What is being asked => In the material below, find the line containing "18 Brenchley Close, Bromley, BR2 9DR" and the line containing "Husqvarna WR 125", then reproduce exactly both of them and every line between, and nothing else.

Records for the task =>
-----
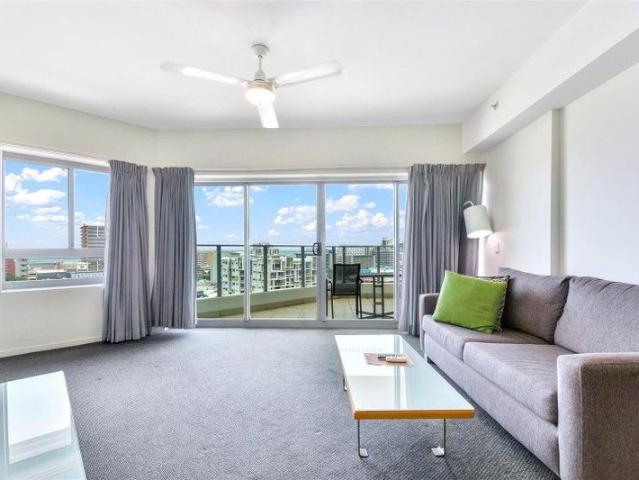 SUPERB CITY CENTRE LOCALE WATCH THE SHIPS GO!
-----
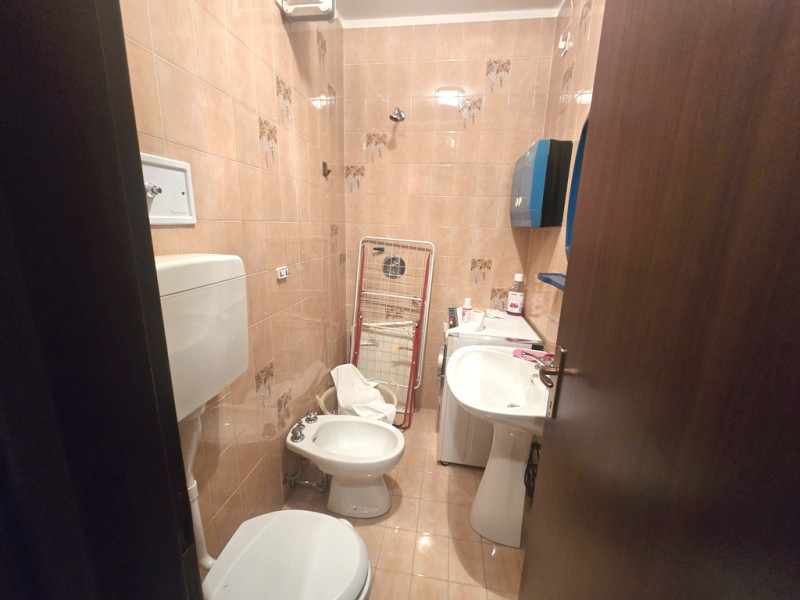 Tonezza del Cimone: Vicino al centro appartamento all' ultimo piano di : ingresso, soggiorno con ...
-----
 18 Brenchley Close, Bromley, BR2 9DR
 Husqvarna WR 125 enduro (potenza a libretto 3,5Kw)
-----
Output =>
 18 Brenchley Close, Bromley, BR2 9DR
 Husqvarna WR 125 enduro (potenza a libretto 3,5Kw)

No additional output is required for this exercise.